Hacker News new | ask | show | jobs
by bambax 473 days ago
Where did you test it? At the end of the post they say:

> Mistral OCR capabilities are free to try on le Chat

but when asked, Le Chat responds:

> can you do ocr?

> I don't have the capability to perform Optical Character Recognition (OCR) directly. However, if you have an image with text that you need to extract, you can describe the text or provide details, and I can help you with any information or analysis related to that text. If you need OCR functionality, you might need to use a specialized tool or service designed for that purpose.

Edit: Tried anyway by attaching an image; it said it could do OCR and then output... completely random text that had absolutely nothing to do with the text in the image!... Concerning.

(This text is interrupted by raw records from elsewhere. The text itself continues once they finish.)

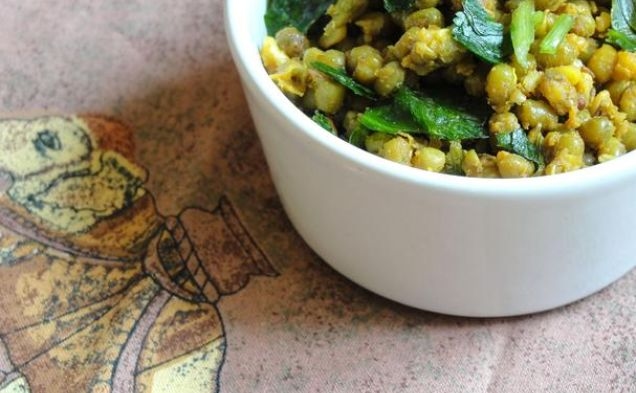 Gujarati Dry Mung Bean Curryhealthy recipe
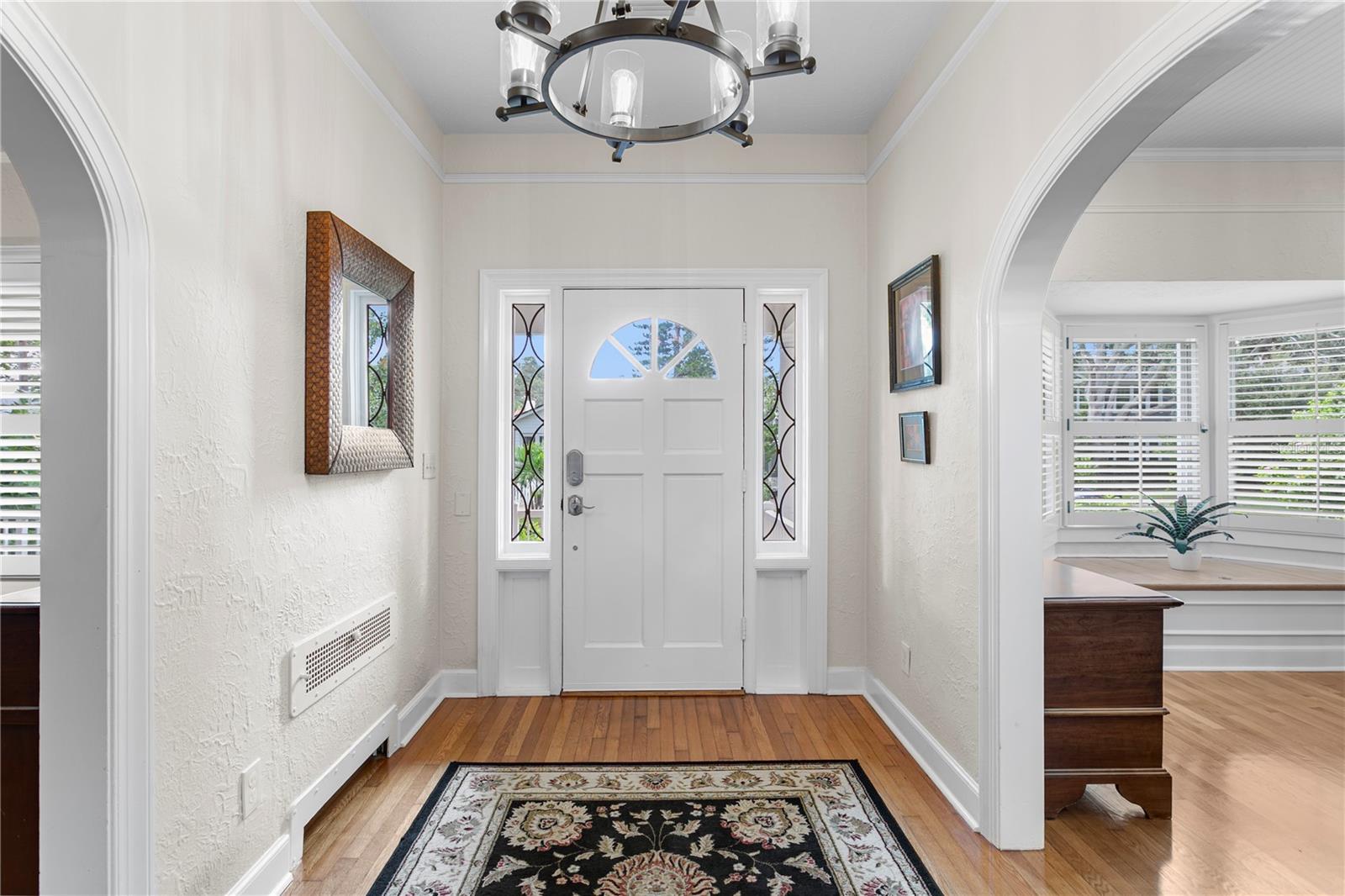 Image 6 of 45 For 255 18th Avenue Ne
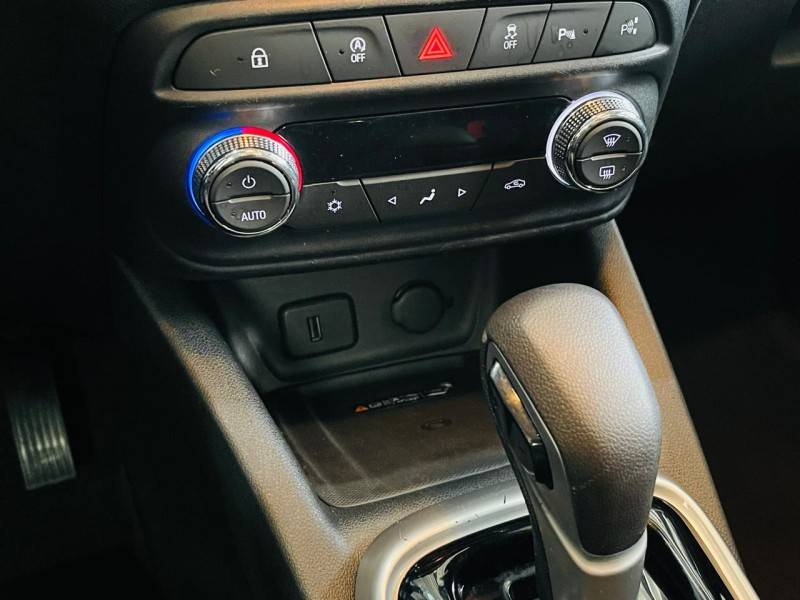 CHEVROLET - TRACKER - 2020/2021 - Preta - R$ 110.990,00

Tried again with a better definition image, output only the first twenty words or so of the page.

Did you try using the API?

1 comments

Yes I used the API. They have examples here:

https://docs.mistral.ai/capabilities/document/

I used base64 encoding of the image of the pdf page. The output was an object that has the markdown, and coordinates for the images:

[OCRPageObject(index=0, markdown='![img-0.jpeg](img-0.jpeg)', images=[OCRImageObject(id='img-0.jpeg', top_left_x=140, top_left_y=65, bottom_right_x=2136, bottom_right_y=1635, image_base64=None)], dimensions=OCRPageDimensions(dpi=200, height=1778, width=2300))] model='mistral-ocr-2503-completion' usage_info=OCRUsageInfo(pages_processed=1, doc_size_bytes=634209)

Any luck with this? I'm trying to process photos of paperwork (.pdf, .png) and got the same results as you.

Feels like something is missing in the docs, or the API itself.

https://imgur.com/a/1J9bkml